Clusters: Multicast or Broadcast?


 So What are the advantages of using Multicast vs. Broadcast for cluster communications?

Multicast and broadcast are nearly identical.  Both are UDP datagram based.  The advantages that multicast has over broadcast are that multicast can span multiple subnets (presuming that the intervening routers are configured correctly) and that with broadcast only one application can receive a datagram.

Most configurations do not use multicasting over multiple subnets.  Clusters are nearly universally on the same subnet.  So the ability for multicast to span subnets is rarely, if ever, used.  The ability for more than one application to receive a UDP datagram is an important feature.  In fact, multicasting is the only way under IP to have a datagram/packet delivered to multiple applications. 

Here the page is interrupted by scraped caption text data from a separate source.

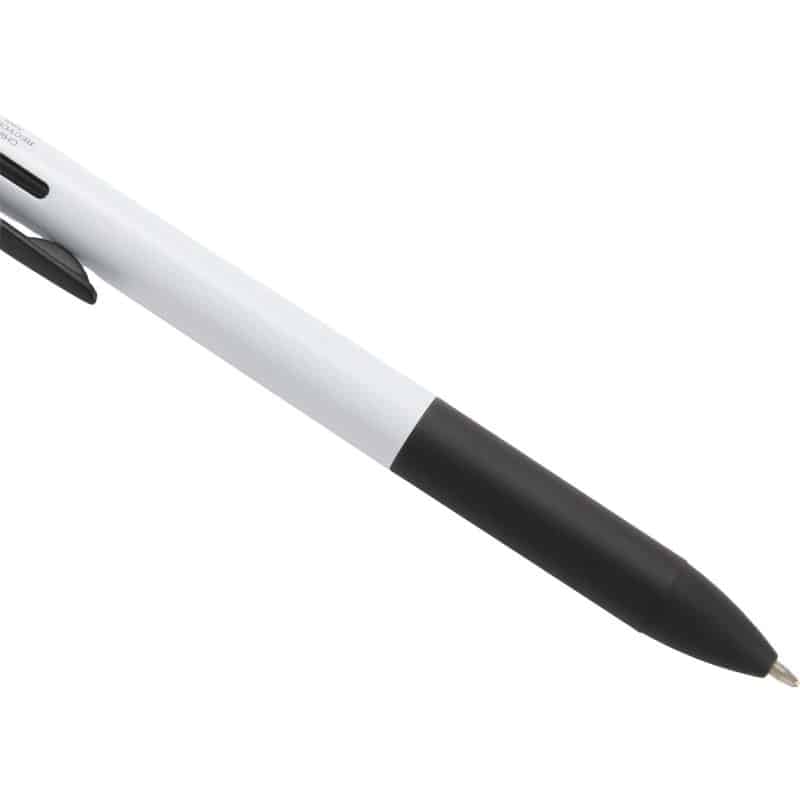 Custom Tri-Color Ink Recycled Stylus Pen - 6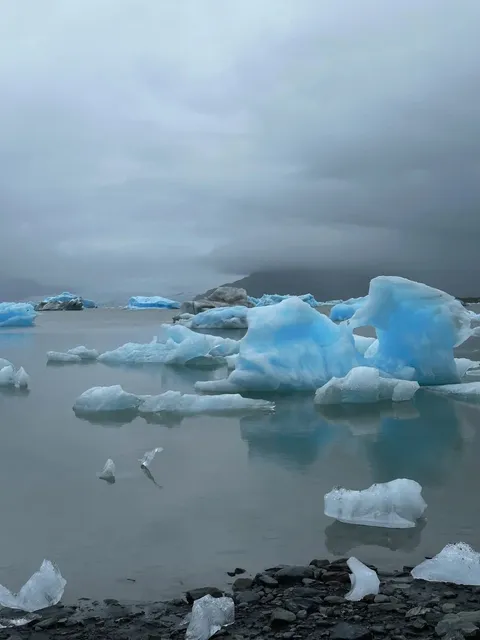 Glacier Trilogy: Kayaking Among Ice Giants in Alaska’s Bear Glacier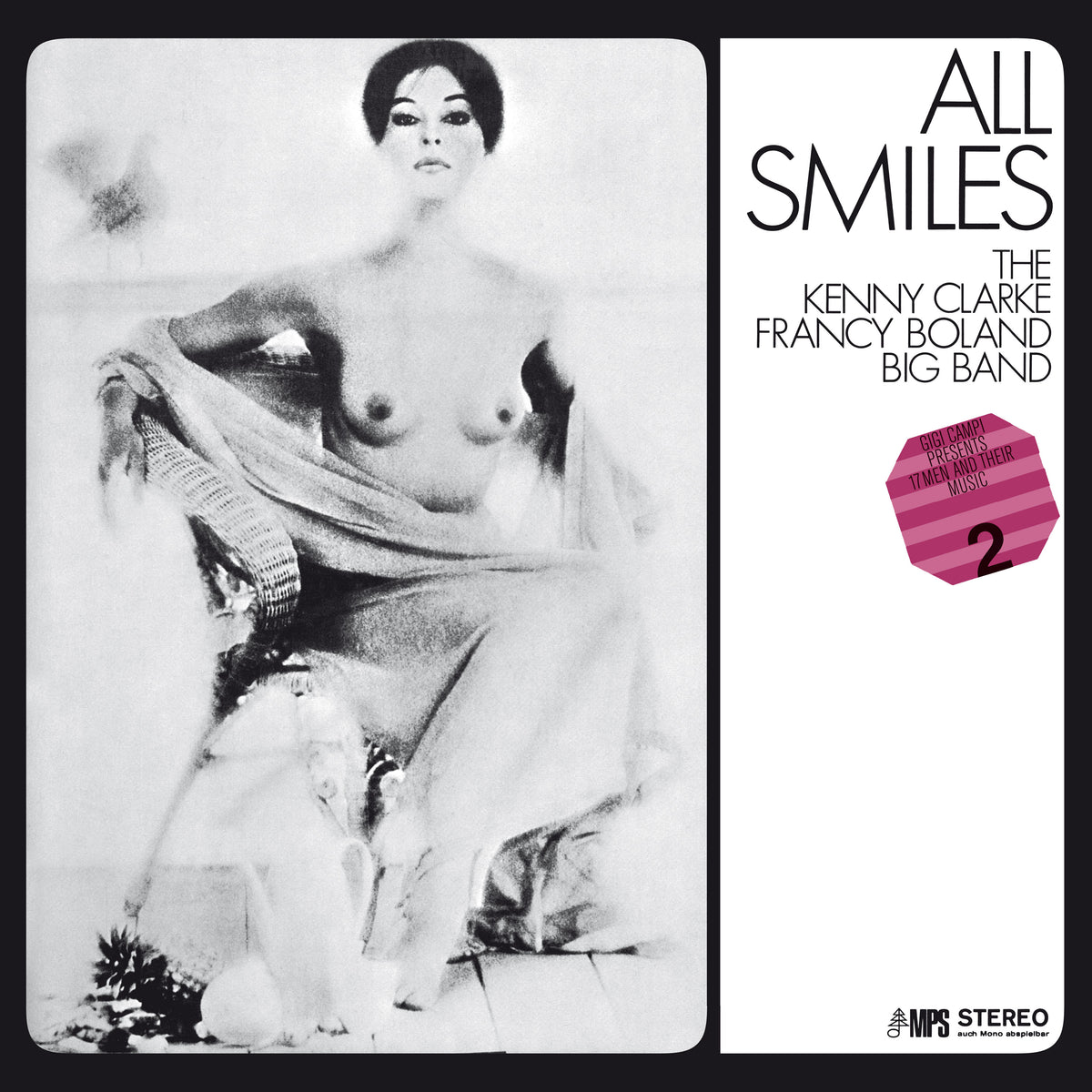 ALL SMILES - Front Cover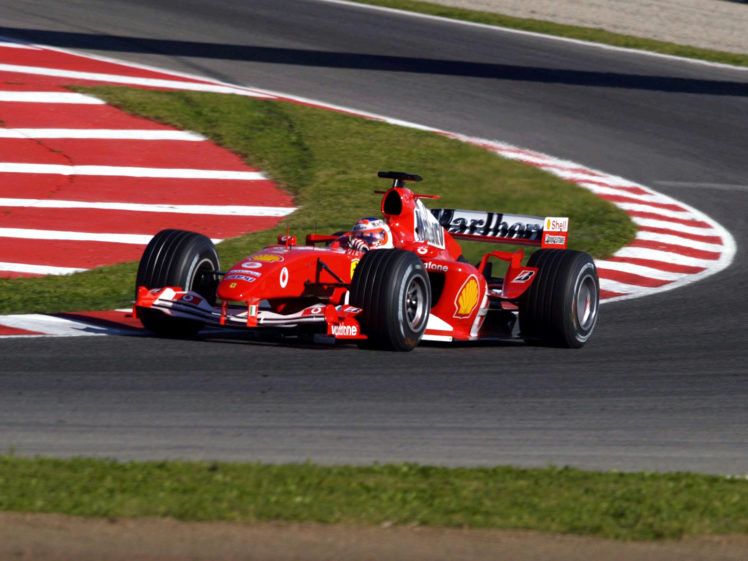 2004, Ferrari, F2004, Formula, One, F 1, Race, Racing HD Wallpaper Desktop Background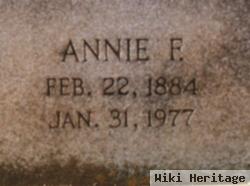 Annie Fernell Arndt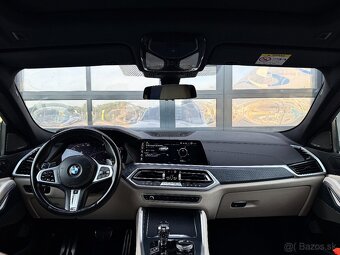 BMW X6 xDrive 30d - M PERFORMANCE - 11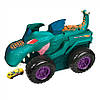 Позашляховик Hot Wheels Monster Trucks машинка Хижий Мега Рекс (GYL13), фото 5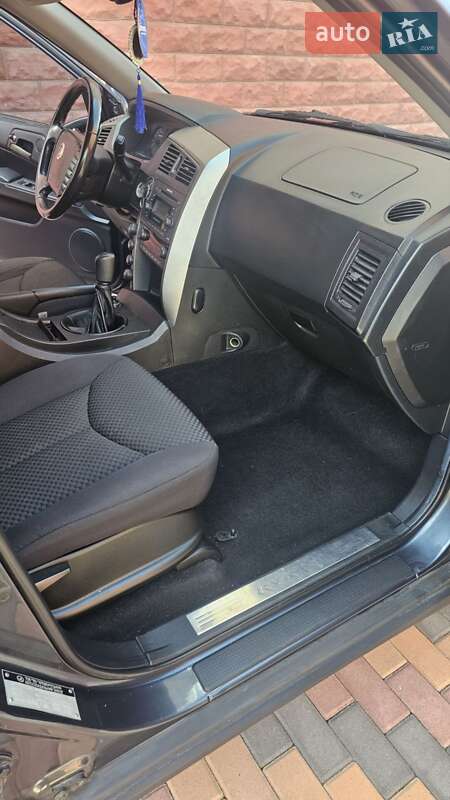 Позашляховик / Кросовер SsangYong Kyron 2014 в Вінниці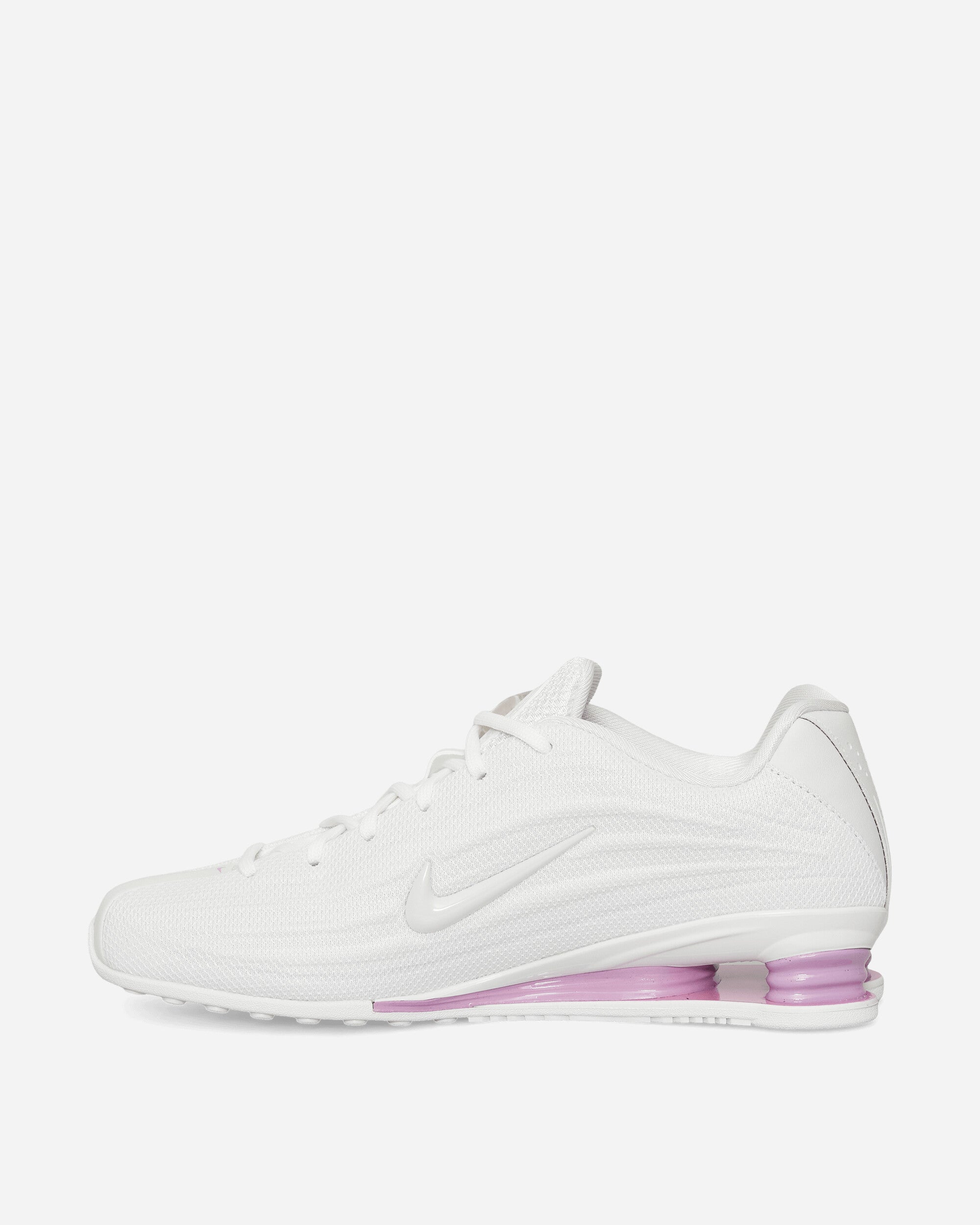 Nike Nike Shox Z Women's Shoes White/Lt Magenta Sneakers Low HQ7540-101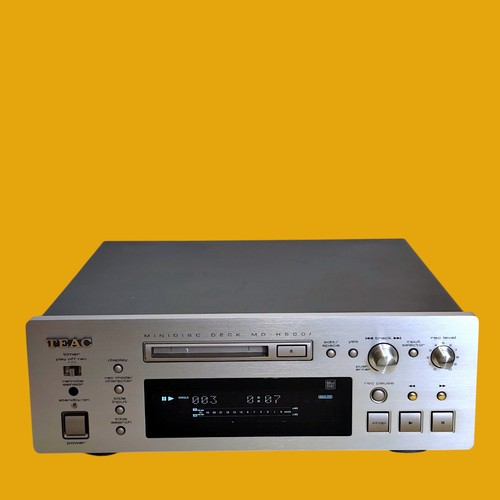 Teac h500i reference series - teac,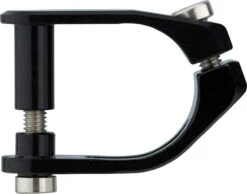 Trickstuff 2-teilige Gefräste Lenkerklemmschelle Für Direttissima / Piccola -Abus Fahrrader Geschaft 406492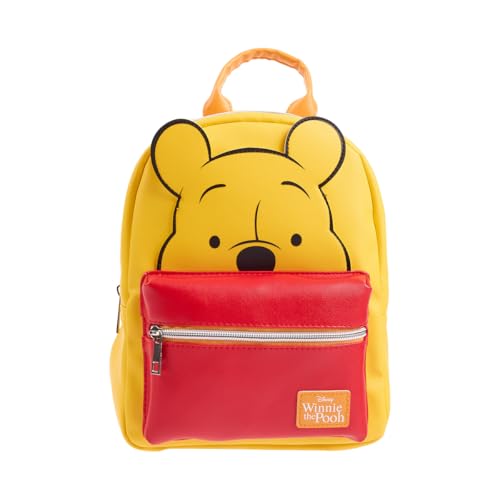 Bioworld Winnie the Pooh Classic Character 11 Mini Backpack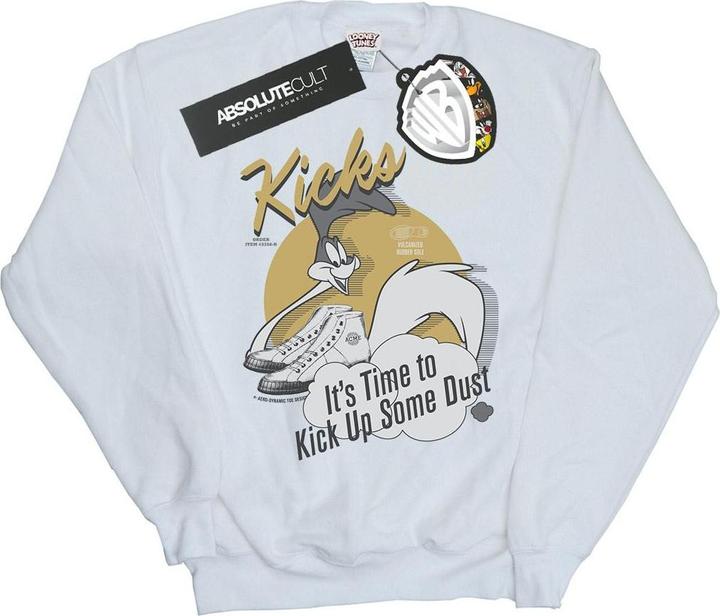 Immagine prodotto Looney Tunes Road Runner Kicks Felpa Donna (L)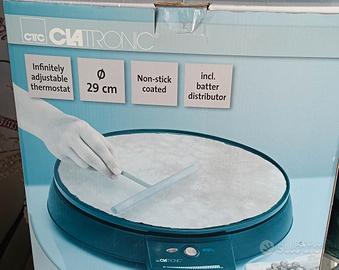 Macchina per crepes MAI USATA Clatronic CM 3372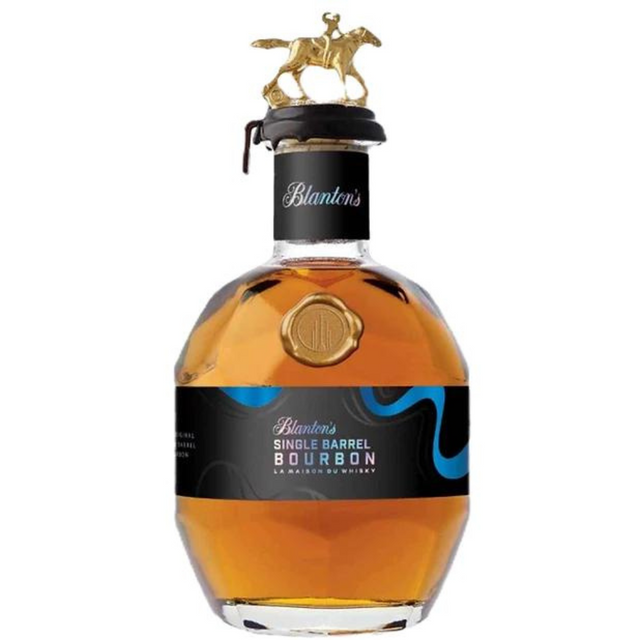 Blanton's 2023 River Edition Single Barrel Bourbon Whiskey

For example, you could have a cluster configured and the cluster is managed by exchanging UDP multicast datagrams.  An application that monitored the cluster and needed those same datagrams could run on one of the cluster nodes and two applications would receive the datagrams.  With broadcasting, a monitoring application could not run on a node in the cluster as only the cluster manager would be able to receive the datagrams.

As previously mentioned, for a cluster monitoring application with broadcasting, the monitor would be required to run on the same subnet as the cluster.  With multicasting, it would be possible to run the monitoring application on a different subnet than the cluster.

The bottom line is that for the condition of a single subnet, broadcast and multicast are nearly identical.  The sole benefit being multicast supports multiple delivery, and this feature may be needed based the applications that are deployed.